An exact repetition of every entry, with no images, is the required answer.
Top of Dataset records
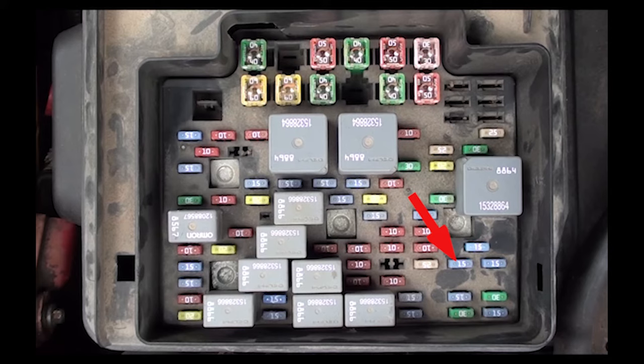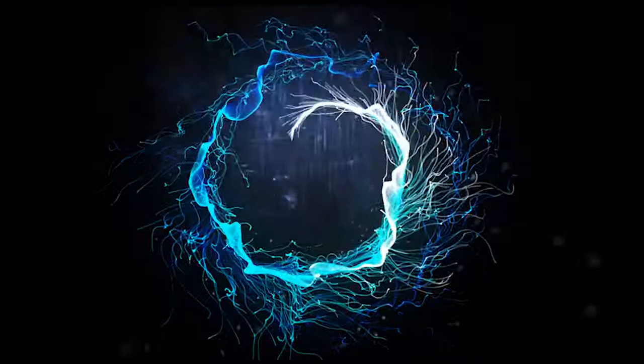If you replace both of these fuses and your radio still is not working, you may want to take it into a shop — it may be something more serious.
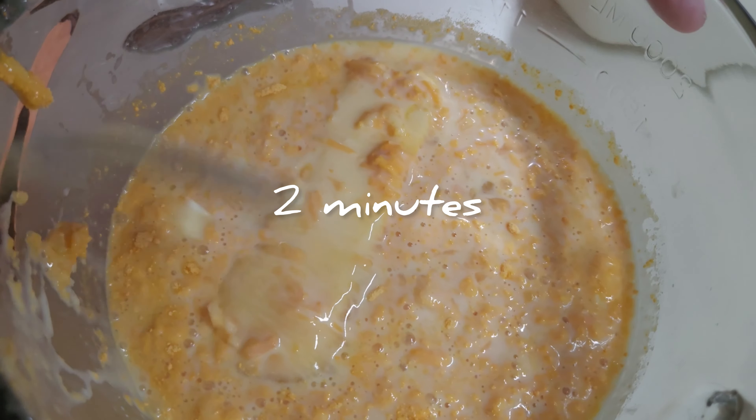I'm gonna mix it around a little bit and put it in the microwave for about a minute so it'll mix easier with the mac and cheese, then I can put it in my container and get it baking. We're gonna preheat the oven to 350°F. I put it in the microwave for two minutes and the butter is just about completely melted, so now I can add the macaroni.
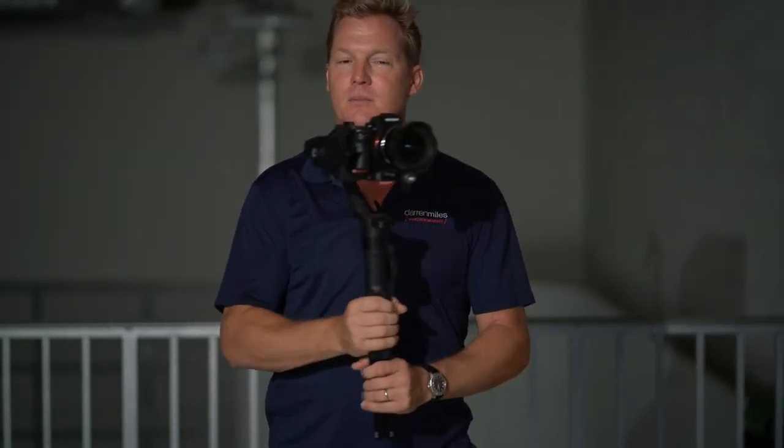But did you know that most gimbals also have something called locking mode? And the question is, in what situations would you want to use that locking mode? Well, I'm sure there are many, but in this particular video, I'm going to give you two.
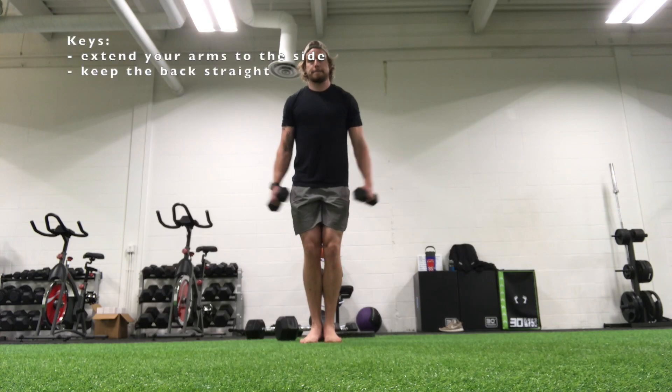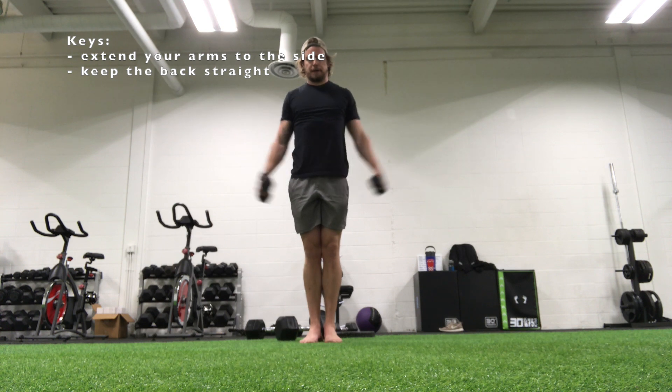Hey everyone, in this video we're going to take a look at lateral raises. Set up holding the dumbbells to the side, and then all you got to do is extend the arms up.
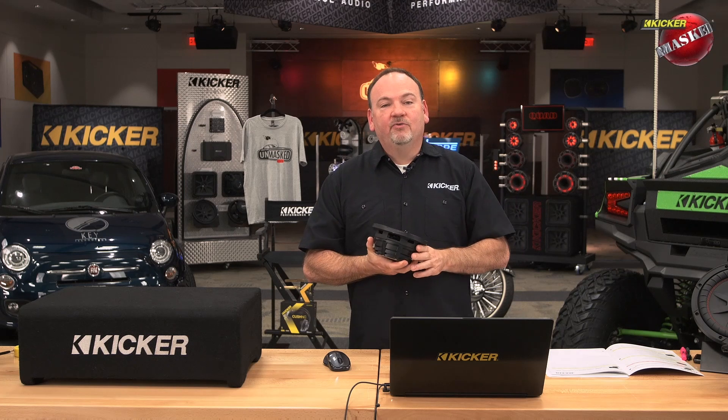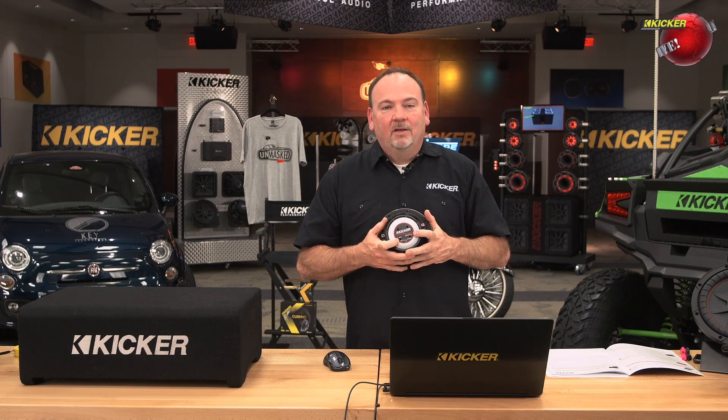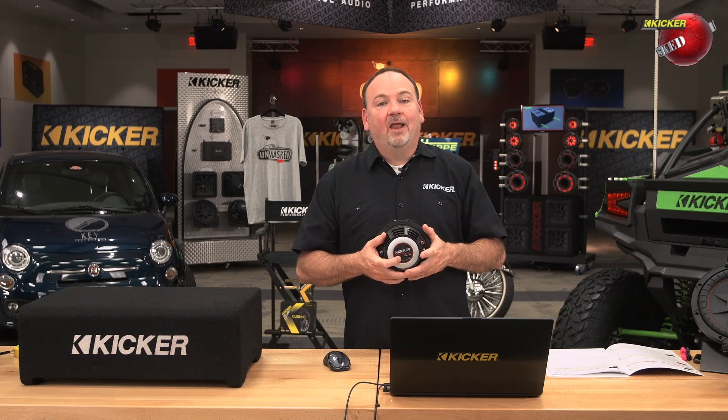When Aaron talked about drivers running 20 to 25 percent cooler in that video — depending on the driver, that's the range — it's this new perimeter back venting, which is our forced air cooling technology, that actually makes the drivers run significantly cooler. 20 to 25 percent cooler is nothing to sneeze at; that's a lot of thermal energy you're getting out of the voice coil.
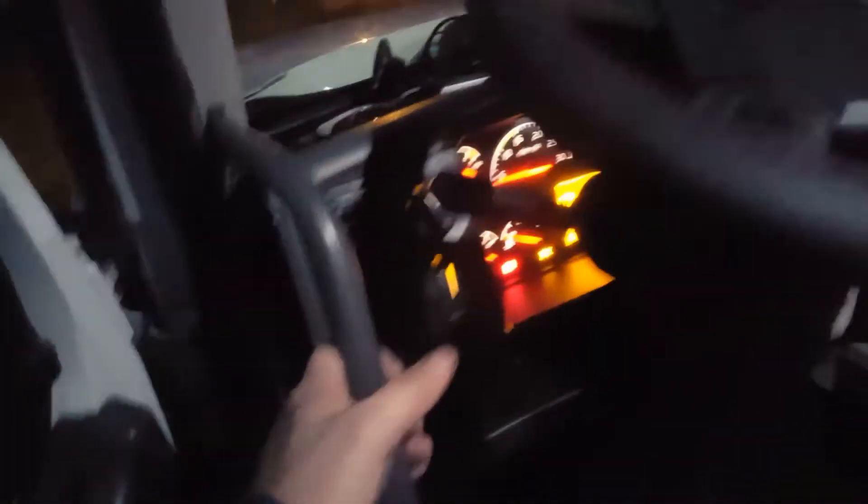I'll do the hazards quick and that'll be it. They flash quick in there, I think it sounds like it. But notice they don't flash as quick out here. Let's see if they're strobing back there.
Bottom of Dataset records
**Answer to the problem**
If you replace both of these fuses and your radio still is not working, you may want to take it into a shop — it may be something more serious.
I'm gonna mix it around a little bit and put it in the microwave for about a minute so it'll mix easier with the mac and cheese, then I can put it in my container and get it baking. We're gonna preheat the oven to 350°F. I put it in the microwave for two minutes and the butter is just about completely melted, so now I can add the macaroni.
But did you know that most gimbals also have something called locking mode? And the question is, in what situations would you want to use that locking mode? Well, I'm sure there are many, but in this particular video, I'm going to give you two.
Hey everyone, in this video we're going to take a look at lateral raises. Set up holding the dumbbells to the side, and then all you got to do is extend the arms up.
When Aaron talked about drivers running 20 to 25 percent cooler in that video — depending on the driver, that's the range — it's this new perimeter back venting, which is our forced air cooling technology, that actually makes the drivers run significantly cooler. 20 to 25 percent cooler is nothing to sneeze at; that's a lot of thermal energy you're getting out of the voice coil.
I'll do the hazards quick and that'll be it. They flash quick in there, I think it sounds like it. But notice they don't flash as quick out here. Let's see if they're strobing back there.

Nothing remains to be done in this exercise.